◆ RECORD EXCERPTS
-------

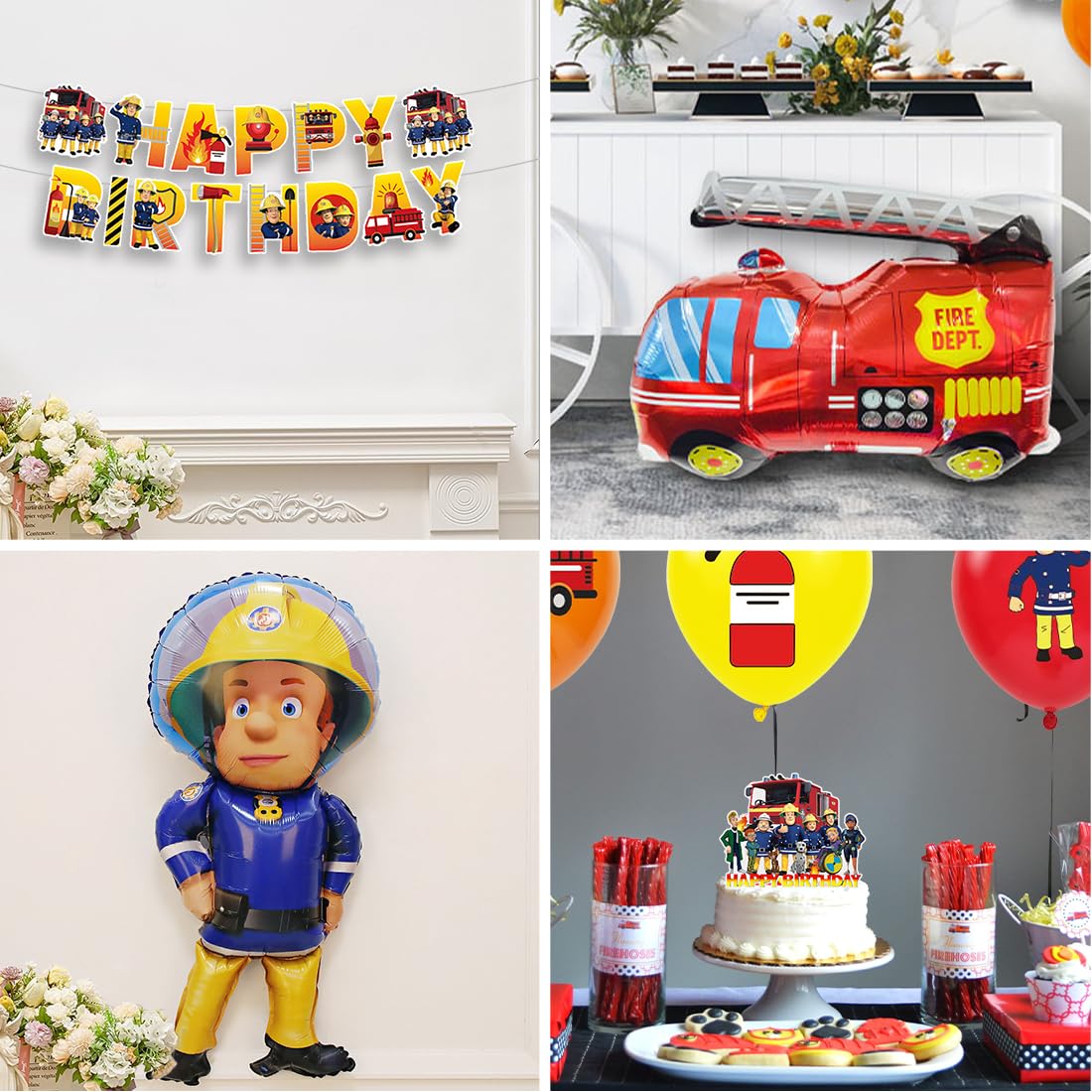 Kit Ghirlanda Di Palloncini Fai-da-te A Tema Camion Dei Pompieri - Foto 3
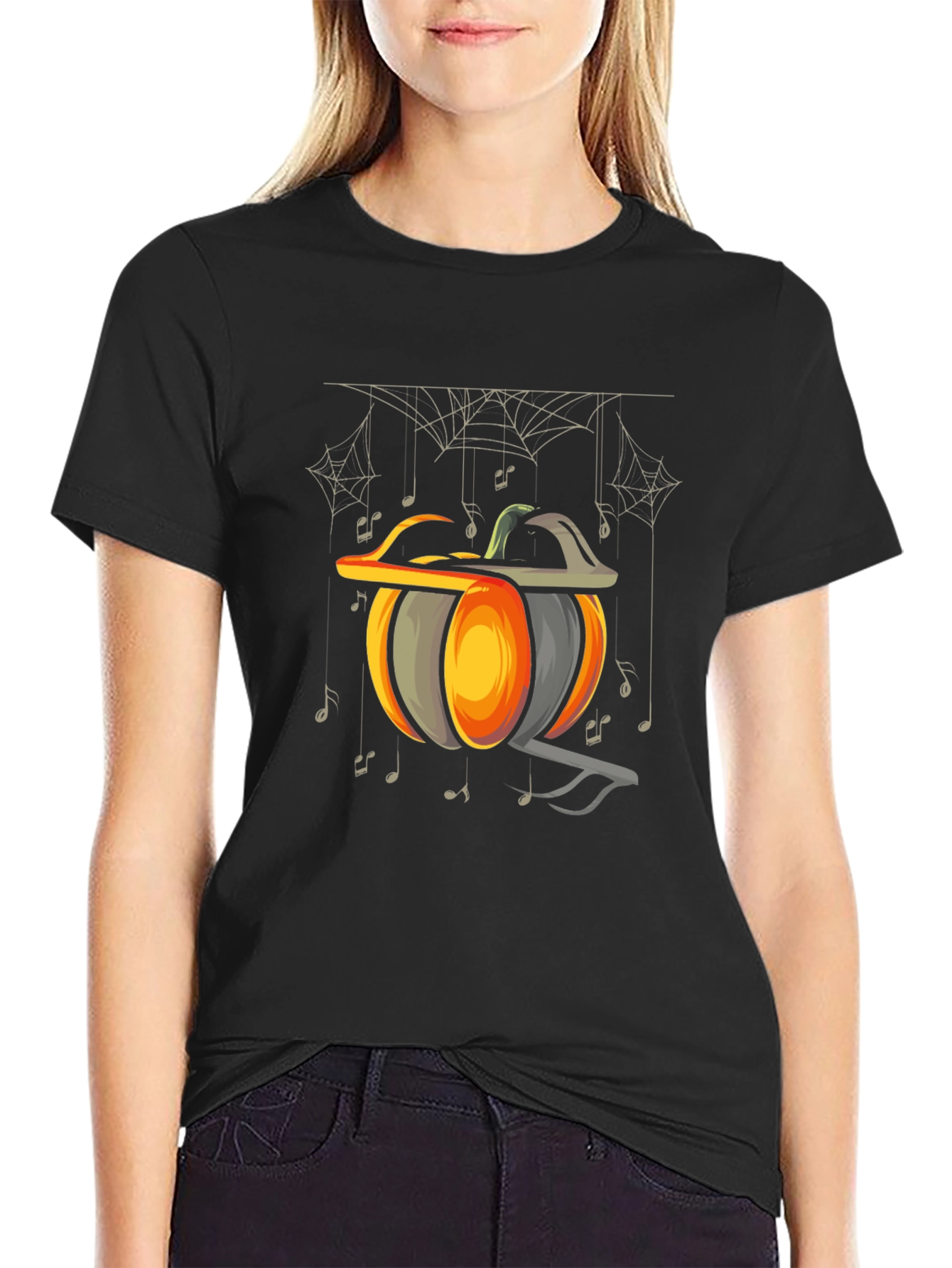 Halloween Pumpkin Music Note T-Shirt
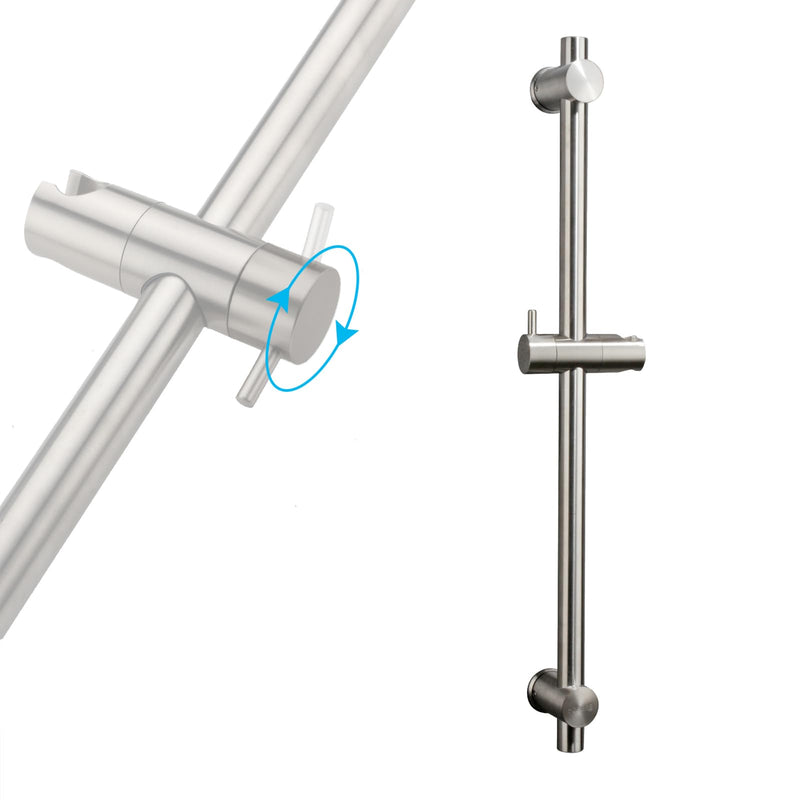 24 Inch Shower Slide Bar with Adjustable Shower Holder Wall Mount Sliding Bar Stainless Steel Wall Mounted Shower Slide Bar with Adjustable Shower Head Holder, Brushed Nickel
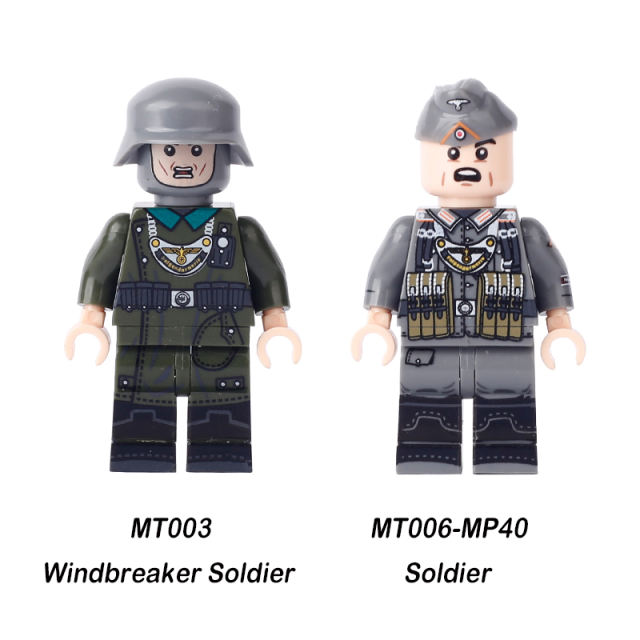 WW2 Military German Soliders Action Figures MT003 Building Blocks MT006 MP40 Army Minifigs War Weapon Accessories Models Toys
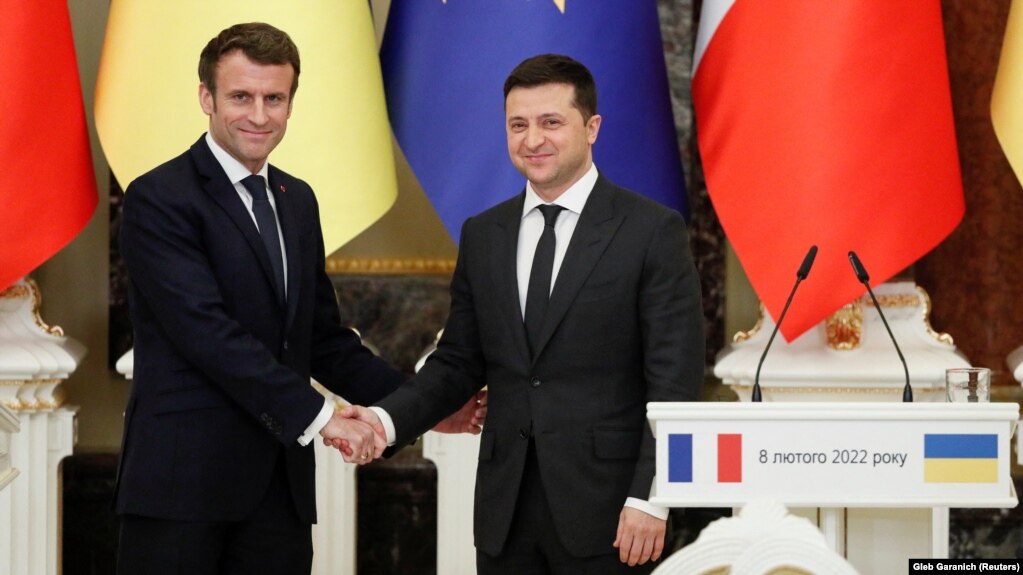 French President Emmanuel Macron (left) visited Kyiv for talk with President Volodymyr Zelenskiy on February 8.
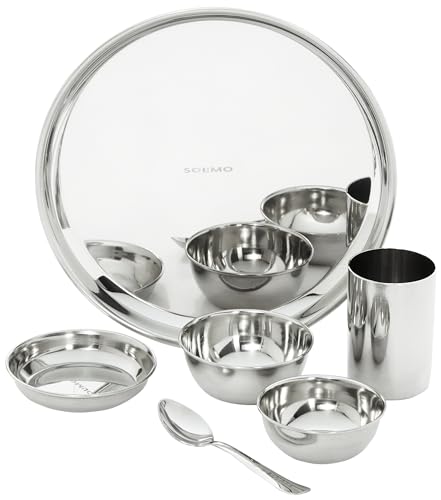 Amazon Solimo Dinner Set| Stainless Steel | Set of 6 |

-------

◆ YOUR ASSIGNMENT
Retype only the lines above from the one with "WW2 Military German" through the last, both ends included, keeping every picture out of the copy.

◆ EXERCISE SOLUTION
 WW2 Military German Soliders Action Figures MT003 Building Blocks MT006 MP40 Army Minifigs War Weapon Accessories Models Toys
 French President Emmanuel Macron (left) visited Kyiv for talk with President Volodymyr Zelenskiy on February 8.
 Amazon Solimo Dinner Set| Stainless Steel | Set of 6 |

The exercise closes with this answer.